I’m going to have to look into that. Wouldn’t they have to list it on the can? Mine appear to be vegetarian.


3 T October 7, 2010 at 2:58 pm

Does it say anything about bonito flakes or broth? This is just one of the places where I read something about it:

Maybe she has more info. I am not sure. My local Thai market doesn’t carry the skins, so I got to looking into making it from a block of tofu. Doesn’t look overly promising. =(


4 SusanV October 7, 2010 at 4:18 pm

I use Hime brand and it lists the ingredients as Seasoned Fried Soybean Curd, (Soybean, Soybean Oil), Sugar, Soy Sauce, (Water, Soybeans, Wheat, Salt), Glucose, Rice, Rice Koji, Ethyl Alcohol, Monosodium Glutamate, Water. So, not the most healthy of ingredients but, as far as I can tell, vegan.
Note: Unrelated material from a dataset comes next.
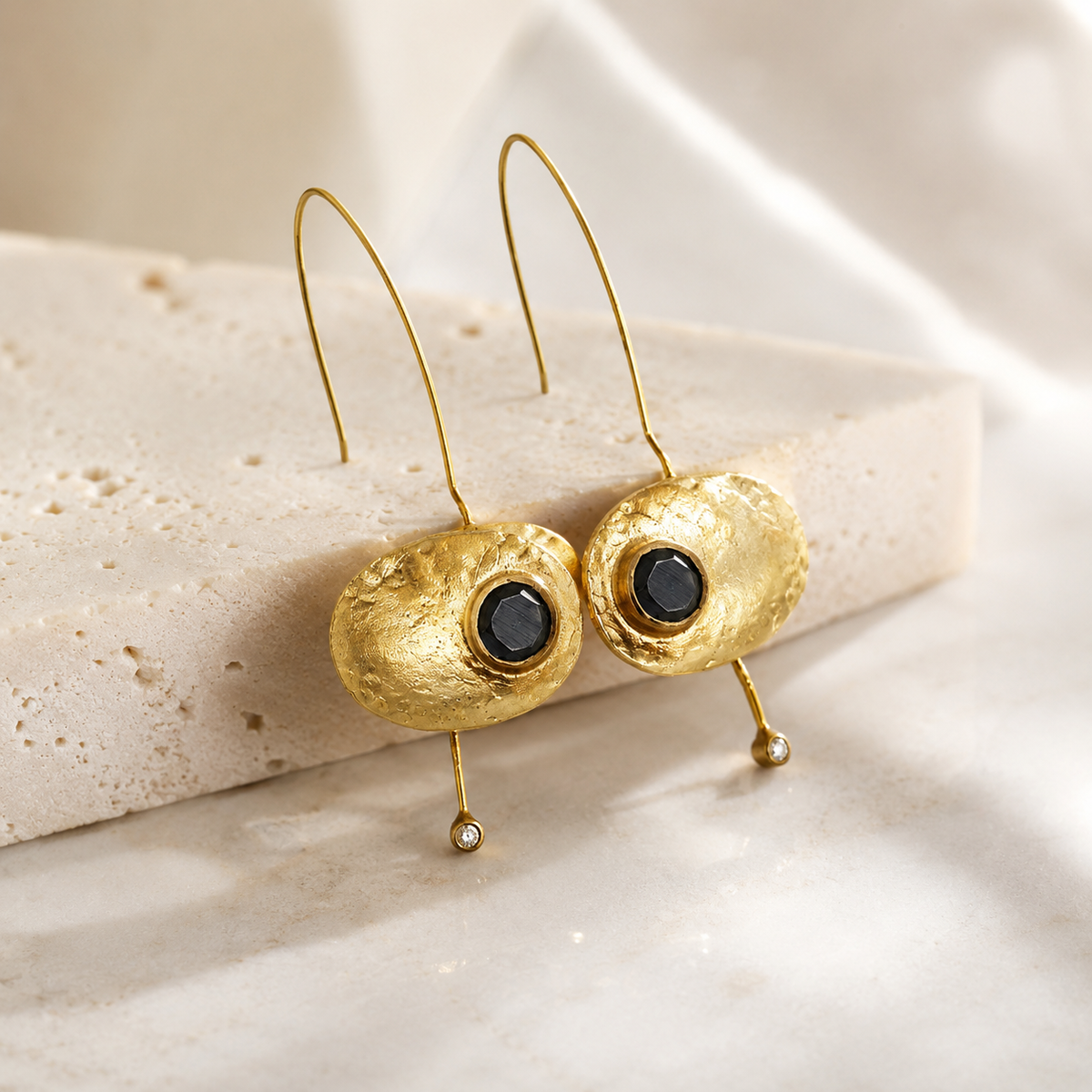 Angle view of oval black stone earrings with a gold-plated finish and slim drop.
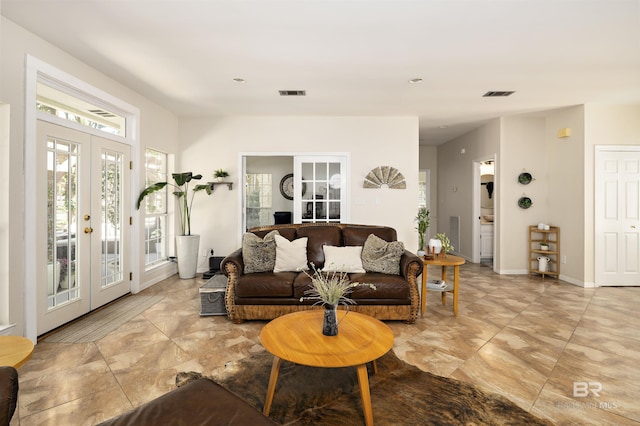 living room featuring french doors, visible vents, and baseboards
5 T October 7, 2010 at 4:34 pm

Thanks, Susan. I will keep an eye out for that brand when I find some. Hopefully they really are vegan… Though, yeah, not so healthy. I was really hopeful about being able to make them myself, but it seems the soymilk ratio or something is different for the skins than your everyday block of tofu. Sigh


6 Art February 27, 2012 at 5:19 pm

For those of us who don’t eat “white” food, you can fill these with whole grains such as quinoa, bulgur, farro etc. You get my drift


7 Susan Voisin February 27, 2012 at 5:46 pm

Yes, and as I said, the rice I used was short grain brown rice. Not white.


8 Hope March 1, 2012 at 5:59 am

Yummy- too bad I didn’t realise inari is fried :-(. I also didn’t know the little pouches came packaged like that!


9 LarryW August 2, 2013 at 2:28 pm

Inari is so delicious, I think I could eat nothing but that. It is also good with some edamame mixed in, and some sprinkles of nori in the rice. Unfortunately, it isn’t just the frying of the skins that is a problem. It is a huge overload of sodium in the wrappers, in the soy sauce, in the seasoned rice vinegar. I try to follow the recommendation of 1 mg of sodium at most per calorie, and inari is orders of magnitude more, sadly.